According to Countryaah.com, Montenegro Independence Day is May 21.
Christmas in Montenegro
“… and if the 5th light is on, then you’ve slept through Christmas!” However, this does not apply to the Orthodox Church. Montenegro was once part of the Byzantine Empire, in which mainly the Orthodox faith was lived. This is also part of Christianity, but some traditions are a little different.
For example, Christmas is not celebrated until January 6th and 7th. This is due to the fact that the Orthodox follow the Julian calendar and the calendar shifts a bit. Orthodox believers also celebrate Christmas with lots of candles and a Christmas tree.
But that has to be earned first! Because before Christmas comes the so-called 40-day waiver. There is no cheese, fat, meat or milk. So you fast, so to speak.
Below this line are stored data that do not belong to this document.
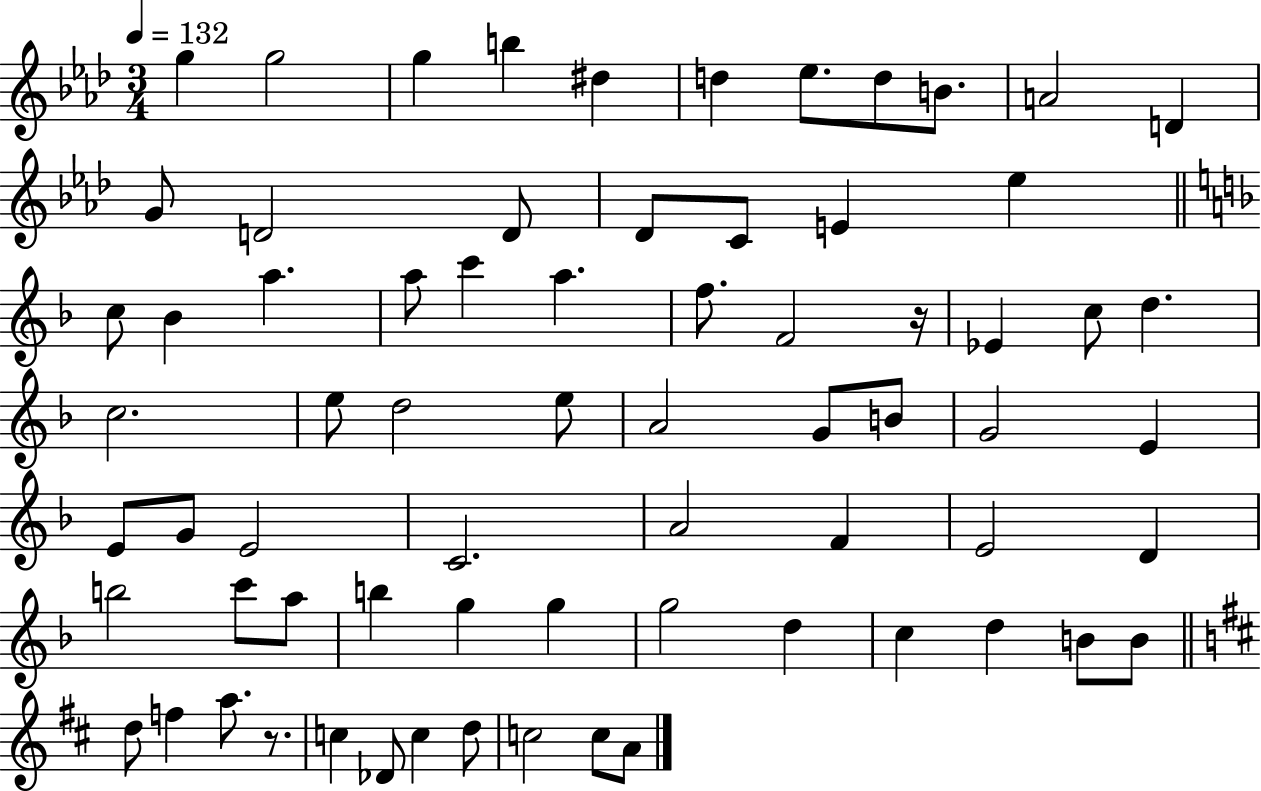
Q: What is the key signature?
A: AES major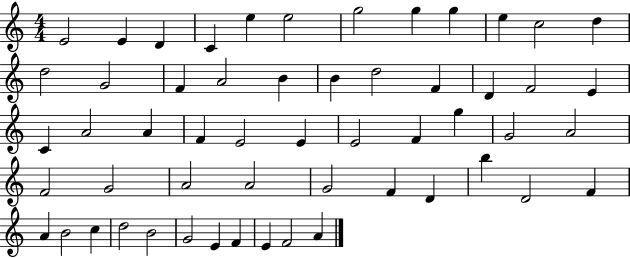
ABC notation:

X:1
T:Untitled
M:4/4
L:1/4
K:C
E2 E D C e e2 g2 g g e c2 d d2 G2 F A2 B B d2 F D F2 E C A2 A F E2 E E2 F g G2 A2 F2 G2 A2 A2 G2 F D b D2 F A B2 c d2 B2 G2 E F E F2 A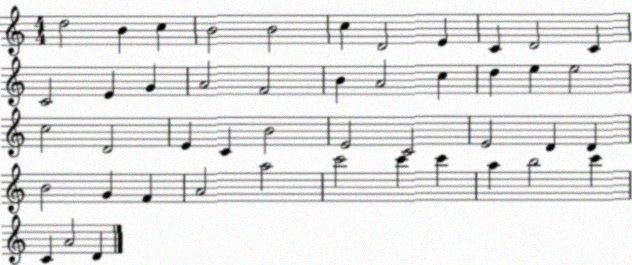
X:1
T:Untitled
M:4/4
L:1/4
K:C
d2 B c B2 B2 c D2 E C D2 C C2 E G A2 F2 B A2 c d e e2 c2 D2 E C B2 E2 C2 E2 D D B2 G F A2 a2 c'2 c' c' a b2 c' C A2 D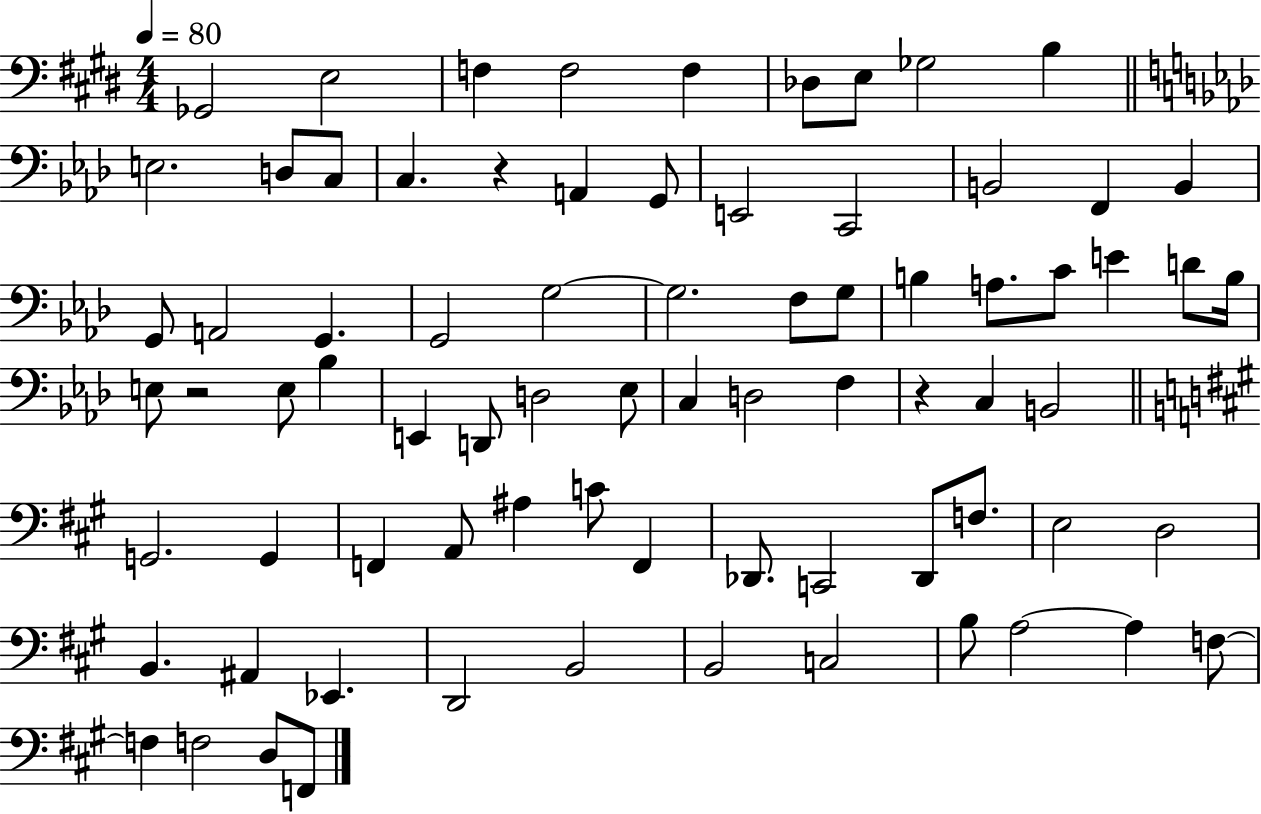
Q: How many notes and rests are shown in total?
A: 77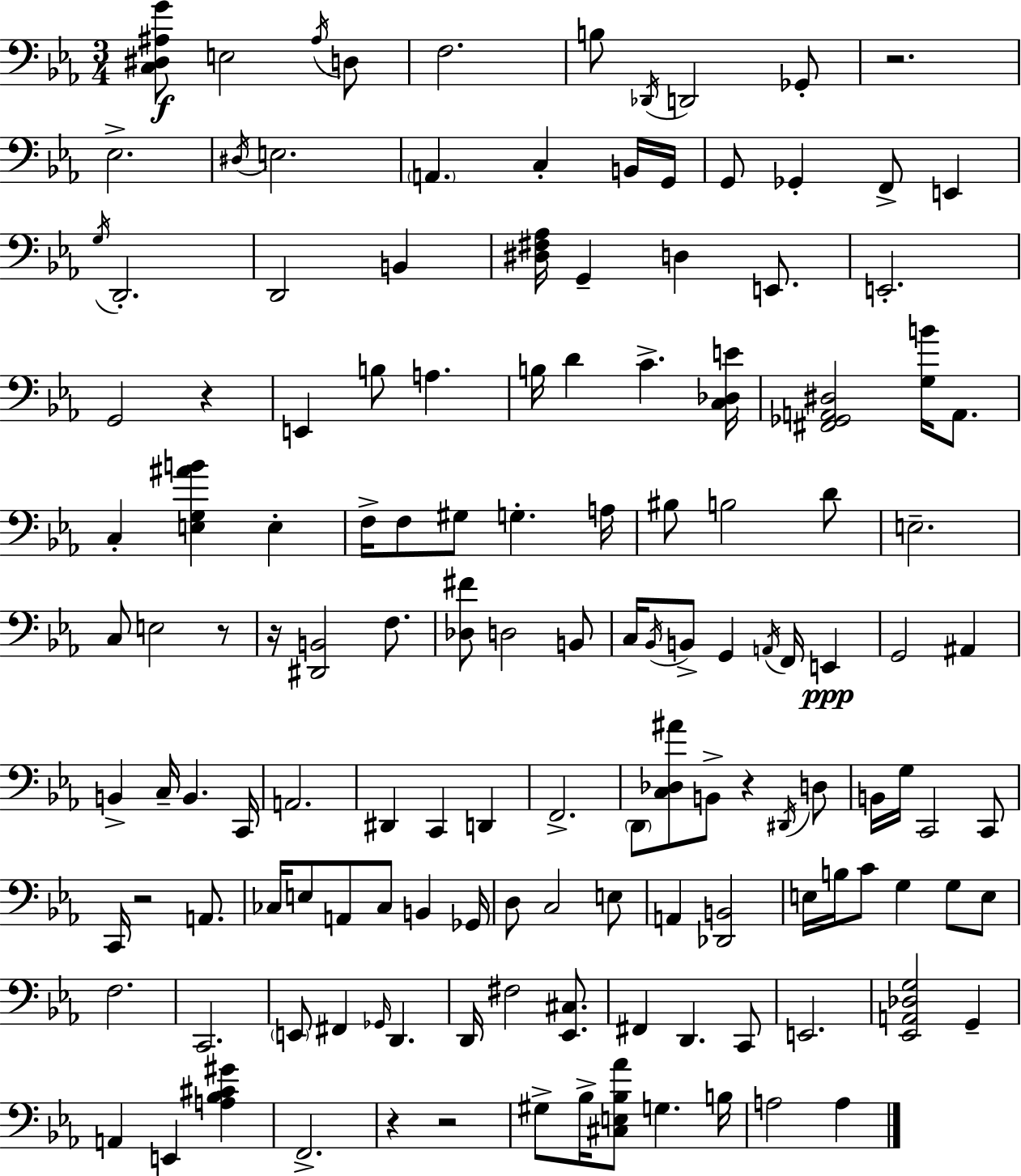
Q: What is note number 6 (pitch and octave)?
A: Db2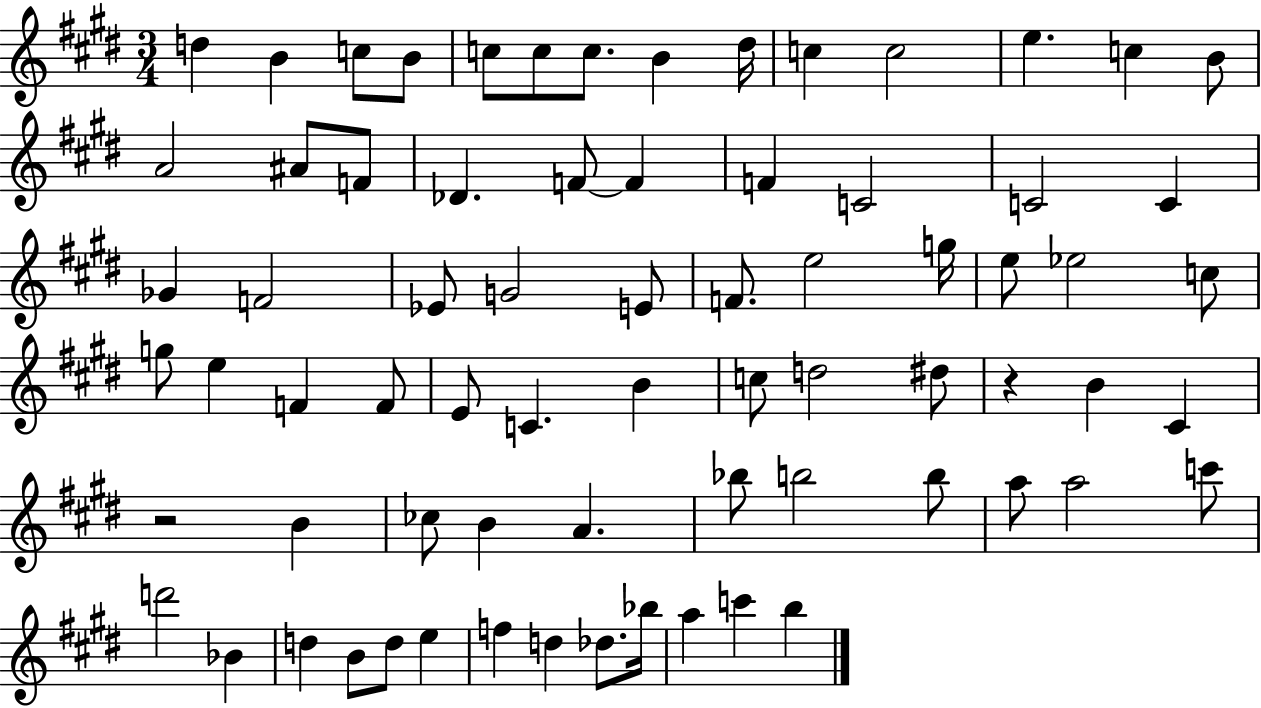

As a reward, there is a sumptuous breakfast on Christmas morning!
New Year’s Eve in the Orthodox Church
Because many Orthodox believers use a different calendar, namely the Julian one, the New Year naturally also moves. New Year’s Eve is therefore celebrated in our calendar on January 13th. You play a lot of games that day and follow popular customs. In the Serbian-Montenegrin culture, which is often similar, happiness is very important. There is a custom where each of the celebrants receives a piece of a cake with a coin baked into it. People who find the coin later will, according to people’s belief, expect financial luck in the coming year. A fireworks display is one of the Orthodox New Year also!